Income Inequality is NOT the reason millions of Americans suffer insufficient incomes or are unable to access economic opportunity. One person does not, by earning a high income, cause other people to earn low or no income.
The reason joblessness and middle class misery have been worse since the recession ended in 2009 than in any previous post-recession recovery is captured in this chart. It compares “Private Domestic Investment” during the recession and booming, post-recession economy of the 1980s with the recent recession and our current anemic, post-recession economy.“Private Domestic Investment” (PDI) (displayed in the chart) is a component of Gross Domestic Product (GDP) as measured and reported quarterly by the Bureau of Economic Analysis. PDI is the sum of expenditures on capital goods, for productive, business activities. These investments include land, buildings, machinery, vehicles, computer technology, software, and equipment. NOT included in this measure are purchases of stocks bonds, and mutual funds.
Thus this statistic measures the heartbeat of a free market economy. These are the key job creation investments. These investments plus the work of entrepreneurs, owners, managers and employees provide all the goods and services we consume. Without capital investments there would be no consumer products or services, and there would be no jobs.
Like President Obama, President Reagan inherited a severe recession. By some measures the 1981-82 recession was worse than the 2008-09 recession. The unemployment rate was higher. Interest rates on mortgages and business loans soared into double digits. Home prices fell and there were waves of foreclosures.
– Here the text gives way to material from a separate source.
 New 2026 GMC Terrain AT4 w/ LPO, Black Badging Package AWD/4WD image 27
But President Reagan’s economic strategies, based on his commitment to liberty, were exactly opposite of Obama’s.
- Sweeping income tax rate reductions. Every tax bracket rate from top to bottom was reduced by at least 25%. Tax cuts left capital in the hands of entrepreneurs and investors who had earned it and thus were best equipped to invest in job creating enterprises;
- Deregulation released the creative and productive energies of The People from the restraints of government interference.
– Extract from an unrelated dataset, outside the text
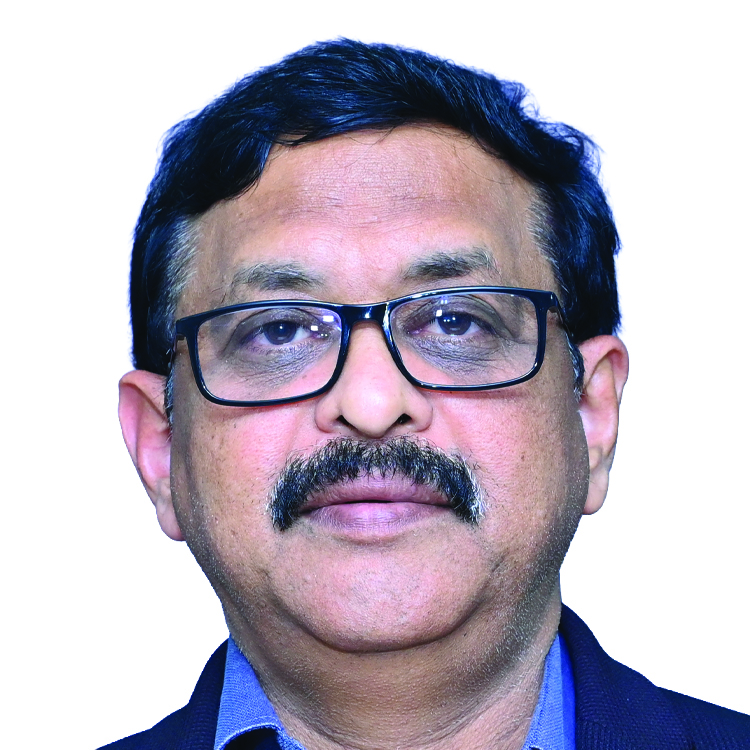 Dr. B. Jayaprakash Reddy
President Obama and the Democrats in Congress did the opposite. Even though the economy was already over-regulated compared to the prosperous 1980s, they enacted additional, major, investment disincentives and barriers:
- Obamacare, increasing health insurance costs and imposing expensive mandates and hiring disincentives on employers,
- Dodd-Frank, an opaque, staggeringly large (2,300 pages) piece of legislation that created new regulatory agencies and tens of thousands of pages of new regulations restricting the financial sector,
- Tax increases that fall mostly on entrepreneurs and business owners.
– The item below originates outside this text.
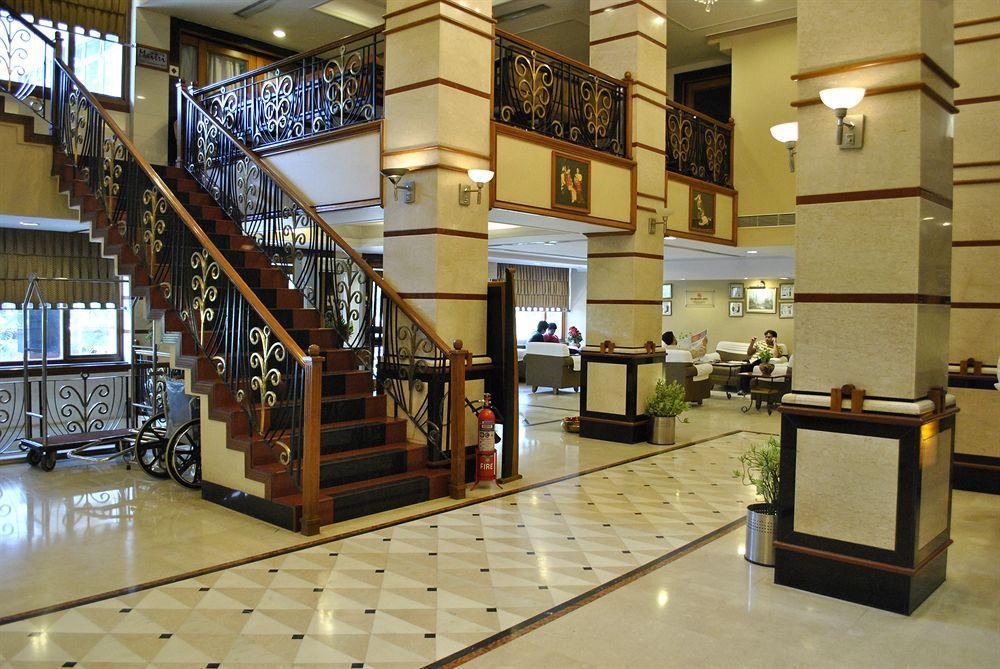 Hotel Daspalla Visakhapatnam Exterior foto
The results of these opposite strategies are captured clearly in the chart above. PDI always declines during a recession. But as the chart shows Reagan’s policies generated the beginning of an investment increase even before the recession ended. In the third quarter of the Reagan era recovery PDI had come back to the prerecession level. But in the Obama era PDI wasn’t restored to prerecession levels until the seventeenth recovery quarter.
March 2015 was the end of the 23d recovery quarter and PDI was 7% above the prerecession level. But in the 23d quarter of the 1982-88 recovery PDI was 31% above prerecession levels.
Progressive or liberal politicians who tell middle class voters their lack of sufficient income is caused by others earning high incomes are the same politicians who are responsible for the expansion of government that has resulted in anemic private investment during the Obama era. They deliberately obscure the real problem, lack of investment, with emotional rhetoric about inequality, hoping to attract votes by generating anger and resentment against the very people who always fund nearly all of the private domestic investment tracked in the chart above, the rich – or the 1% – who got that way via business success.
With more robust, continuous growth in domestic investment, as there was in the 1980s, there would be more demand for employees which would result in more more jobs, and higher wages.